• _DIRECTIONS FOR THIS TASK_: For the entries below, the result should be an exact transcription of the lines from the one with "Ceramic Heart Nativity Ornament" up to and including the one with "Art Nouveau faux bronze spelter", and only those.

• _SOURCE RECORDS_:
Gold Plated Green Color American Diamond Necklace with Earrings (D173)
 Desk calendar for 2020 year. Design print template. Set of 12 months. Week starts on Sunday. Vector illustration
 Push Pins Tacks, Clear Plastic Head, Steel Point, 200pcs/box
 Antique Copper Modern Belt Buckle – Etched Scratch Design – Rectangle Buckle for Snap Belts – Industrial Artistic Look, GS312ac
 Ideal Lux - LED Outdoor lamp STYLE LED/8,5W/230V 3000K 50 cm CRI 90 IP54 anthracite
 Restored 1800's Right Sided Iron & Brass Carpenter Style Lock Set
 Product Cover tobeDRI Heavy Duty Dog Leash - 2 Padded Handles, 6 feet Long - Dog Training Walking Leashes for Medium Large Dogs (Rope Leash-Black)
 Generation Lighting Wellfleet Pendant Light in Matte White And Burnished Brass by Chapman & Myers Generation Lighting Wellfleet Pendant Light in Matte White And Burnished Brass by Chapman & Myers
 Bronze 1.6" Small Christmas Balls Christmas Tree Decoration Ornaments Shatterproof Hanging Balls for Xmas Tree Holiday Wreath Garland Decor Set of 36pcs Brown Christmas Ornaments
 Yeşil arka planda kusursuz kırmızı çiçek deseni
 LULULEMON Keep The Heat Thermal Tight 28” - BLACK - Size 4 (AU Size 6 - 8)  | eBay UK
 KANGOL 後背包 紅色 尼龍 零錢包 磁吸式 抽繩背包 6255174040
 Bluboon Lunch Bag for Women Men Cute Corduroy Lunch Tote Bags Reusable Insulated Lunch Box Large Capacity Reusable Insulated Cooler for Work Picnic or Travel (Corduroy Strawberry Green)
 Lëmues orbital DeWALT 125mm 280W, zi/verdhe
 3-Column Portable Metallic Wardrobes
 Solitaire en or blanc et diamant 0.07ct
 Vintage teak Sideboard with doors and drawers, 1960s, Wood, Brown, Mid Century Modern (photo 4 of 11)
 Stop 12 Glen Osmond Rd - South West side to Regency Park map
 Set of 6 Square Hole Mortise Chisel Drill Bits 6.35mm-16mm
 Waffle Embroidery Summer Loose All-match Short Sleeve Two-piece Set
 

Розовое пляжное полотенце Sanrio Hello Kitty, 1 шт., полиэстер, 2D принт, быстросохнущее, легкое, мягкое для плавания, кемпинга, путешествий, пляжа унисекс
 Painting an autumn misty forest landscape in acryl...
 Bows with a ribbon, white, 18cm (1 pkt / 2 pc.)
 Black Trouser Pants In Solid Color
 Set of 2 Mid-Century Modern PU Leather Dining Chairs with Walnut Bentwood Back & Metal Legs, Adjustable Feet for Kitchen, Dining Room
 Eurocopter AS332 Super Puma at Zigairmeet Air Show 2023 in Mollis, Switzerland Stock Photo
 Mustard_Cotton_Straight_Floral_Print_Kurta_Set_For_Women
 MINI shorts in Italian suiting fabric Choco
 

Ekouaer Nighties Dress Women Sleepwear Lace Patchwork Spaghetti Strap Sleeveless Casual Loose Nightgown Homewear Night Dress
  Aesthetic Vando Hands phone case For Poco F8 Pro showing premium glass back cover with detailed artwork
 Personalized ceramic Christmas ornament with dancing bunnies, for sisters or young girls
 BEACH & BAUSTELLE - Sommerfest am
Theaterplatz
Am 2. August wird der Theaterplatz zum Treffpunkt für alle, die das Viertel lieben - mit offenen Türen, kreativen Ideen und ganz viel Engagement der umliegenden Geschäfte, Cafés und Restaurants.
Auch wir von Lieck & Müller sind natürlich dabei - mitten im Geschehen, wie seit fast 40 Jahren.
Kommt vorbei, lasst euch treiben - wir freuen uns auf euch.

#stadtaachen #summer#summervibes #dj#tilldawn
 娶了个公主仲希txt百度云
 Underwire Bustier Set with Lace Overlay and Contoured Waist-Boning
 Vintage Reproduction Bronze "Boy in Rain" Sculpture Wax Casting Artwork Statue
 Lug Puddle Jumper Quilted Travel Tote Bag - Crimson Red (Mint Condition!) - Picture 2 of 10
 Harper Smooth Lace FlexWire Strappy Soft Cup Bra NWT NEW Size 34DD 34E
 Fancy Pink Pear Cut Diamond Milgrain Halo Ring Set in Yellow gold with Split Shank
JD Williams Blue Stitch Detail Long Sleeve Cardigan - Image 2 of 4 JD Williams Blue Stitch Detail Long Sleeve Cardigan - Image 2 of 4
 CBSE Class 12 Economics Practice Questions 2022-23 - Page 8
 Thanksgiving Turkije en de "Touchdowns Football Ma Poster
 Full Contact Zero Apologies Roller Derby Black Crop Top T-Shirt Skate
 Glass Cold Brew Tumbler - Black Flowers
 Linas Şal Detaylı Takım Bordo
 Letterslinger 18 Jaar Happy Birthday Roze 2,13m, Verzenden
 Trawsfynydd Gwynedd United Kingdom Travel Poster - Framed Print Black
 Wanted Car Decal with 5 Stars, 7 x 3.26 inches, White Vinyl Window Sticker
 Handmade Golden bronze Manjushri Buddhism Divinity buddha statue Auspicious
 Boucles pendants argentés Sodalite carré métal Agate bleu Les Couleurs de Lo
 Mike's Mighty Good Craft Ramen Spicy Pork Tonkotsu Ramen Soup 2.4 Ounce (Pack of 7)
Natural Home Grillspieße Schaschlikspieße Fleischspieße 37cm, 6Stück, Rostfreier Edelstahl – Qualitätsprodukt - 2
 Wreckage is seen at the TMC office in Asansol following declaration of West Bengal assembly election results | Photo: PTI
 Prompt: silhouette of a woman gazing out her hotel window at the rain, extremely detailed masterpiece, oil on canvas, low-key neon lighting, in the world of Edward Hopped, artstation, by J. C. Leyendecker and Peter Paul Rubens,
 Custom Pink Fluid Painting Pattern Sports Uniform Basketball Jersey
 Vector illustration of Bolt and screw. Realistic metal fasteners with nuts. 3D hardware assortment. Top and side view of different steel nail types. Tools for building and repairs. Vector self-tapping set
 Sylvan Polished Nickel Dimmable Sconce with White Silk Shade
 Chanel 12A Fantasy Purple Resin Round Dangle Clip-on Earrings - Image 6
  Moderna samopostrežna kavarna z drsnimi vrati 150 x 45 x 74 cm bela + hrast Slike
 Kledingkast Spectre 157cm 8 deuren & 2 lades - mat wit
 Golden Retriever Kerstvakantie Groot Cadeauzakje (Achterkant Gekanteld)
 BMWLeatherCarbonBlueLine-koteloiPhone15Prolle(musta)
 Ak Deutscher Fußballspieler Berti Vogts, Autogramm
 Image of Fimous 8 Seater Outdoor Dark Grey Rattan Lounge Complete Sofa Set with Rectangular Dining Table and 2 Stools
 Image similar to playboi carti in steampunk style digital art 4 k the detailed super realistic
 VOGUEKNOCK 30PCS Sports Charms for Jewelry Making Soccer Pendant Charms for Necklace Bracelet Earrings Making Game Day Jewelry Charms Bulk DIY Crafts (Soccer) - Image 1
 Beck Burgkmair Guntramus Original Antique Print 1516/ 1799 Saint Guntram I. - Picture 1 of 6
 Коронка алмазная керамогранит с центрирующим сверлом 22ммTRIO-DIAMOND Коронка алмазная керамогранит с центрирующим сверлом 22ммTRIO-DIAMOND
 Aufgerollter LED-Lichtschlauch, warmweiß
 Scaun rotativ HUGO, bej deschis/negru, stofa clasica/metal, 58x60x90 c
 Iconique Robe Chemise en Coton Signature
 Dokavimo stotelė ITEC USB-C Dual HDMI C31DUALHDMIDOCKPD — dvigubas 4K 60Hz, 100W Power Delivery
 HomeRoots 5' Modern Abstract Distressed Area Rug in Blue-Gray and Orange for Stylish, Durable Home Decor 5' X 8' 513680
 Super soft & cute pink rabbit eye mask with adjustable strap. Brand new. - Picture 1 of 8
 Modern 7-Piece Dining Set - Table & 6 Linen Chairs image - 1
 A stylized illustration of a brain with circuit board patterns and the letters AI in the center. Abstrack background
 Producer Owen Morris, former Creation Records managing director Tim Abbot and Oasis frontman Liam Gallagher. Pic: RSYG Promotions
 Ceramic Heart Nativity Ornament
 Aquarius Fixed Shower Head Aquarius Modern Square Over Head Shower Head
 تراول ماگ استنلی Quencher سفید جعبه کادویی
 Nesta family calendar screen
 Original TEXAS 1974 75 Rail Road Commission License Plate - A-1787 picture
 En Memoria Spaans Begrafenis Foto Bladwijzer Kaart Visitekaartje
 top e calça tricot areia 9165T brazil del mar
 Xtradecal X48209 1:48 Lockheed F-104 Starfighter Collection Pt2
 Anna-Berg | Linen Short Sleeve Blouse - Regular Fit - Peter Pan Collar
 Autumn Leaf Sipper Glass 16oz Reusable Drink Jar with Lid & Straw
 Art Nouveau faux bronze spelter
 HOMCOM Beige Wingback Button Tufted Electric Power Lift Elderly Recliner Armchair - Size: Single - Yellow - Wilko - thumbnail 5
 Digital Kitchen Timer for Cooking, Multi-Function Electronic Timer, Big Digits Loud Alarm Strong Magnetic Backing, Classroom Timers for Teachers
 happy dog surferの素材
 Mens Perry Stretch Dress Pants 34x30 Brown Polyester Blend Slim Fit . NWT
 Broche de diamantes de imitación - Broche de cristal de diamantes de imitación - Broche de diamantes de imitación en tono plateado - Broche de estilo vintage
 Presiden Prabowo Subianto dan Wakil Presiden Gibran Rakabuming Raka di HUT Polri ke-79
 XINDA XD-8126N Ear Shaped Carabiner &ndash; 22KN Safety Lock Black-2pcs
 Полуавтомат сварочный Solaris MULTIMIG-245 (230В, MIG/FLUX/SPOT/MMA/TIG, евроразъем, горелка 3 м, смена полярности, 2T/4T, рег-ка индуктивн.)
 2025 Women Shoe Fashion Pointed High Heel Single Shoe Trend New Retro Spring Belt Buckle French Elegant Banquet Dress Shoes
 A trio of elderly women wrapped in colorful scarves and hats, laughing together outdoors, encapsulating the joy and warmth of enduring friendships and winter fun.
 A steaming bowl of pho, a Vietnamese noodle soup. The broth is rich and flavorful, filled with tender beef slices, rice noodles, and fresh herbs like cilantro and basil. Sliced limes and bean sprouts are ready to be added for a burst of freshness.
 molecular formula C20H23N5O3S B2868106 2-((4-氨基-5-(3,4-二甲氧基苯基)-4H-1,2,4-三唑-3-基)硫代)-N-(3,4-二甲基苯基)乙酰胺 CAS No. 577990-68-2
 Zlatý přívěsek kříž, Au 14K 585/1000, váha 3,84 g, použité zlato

• _YOUR SOLUTION_:
 Ceramic Heart Nativity Ornament
 Aquarius Fixed Shower Head Aquarius Modern Square Over Head Shower Head
 تراول ماگ استنلی Quencher سفید جعبه کادویی
 Nesta family calendar screen
 Original TEXAS 1974 75 Rail Road Commission License Plate - A-1787 picture
 En Memoria Spaans Begrafenis Foto Bladwijzer Kaart Visitekaartje
 top e calça tricot areia 9165T brazil del mar
 Xtradecal X48209 1:48 Lockheed F-104 Starfighter Collection Pt2
 Anna-Berg | Linen Short Sleeve Blouse - Regular Fit - Peter Pan Collar
 Autumn Leaf Sipper Glass 16oz Reusable Drink Jar with Lid & Straw
 Art Nouveau faux bronze spelter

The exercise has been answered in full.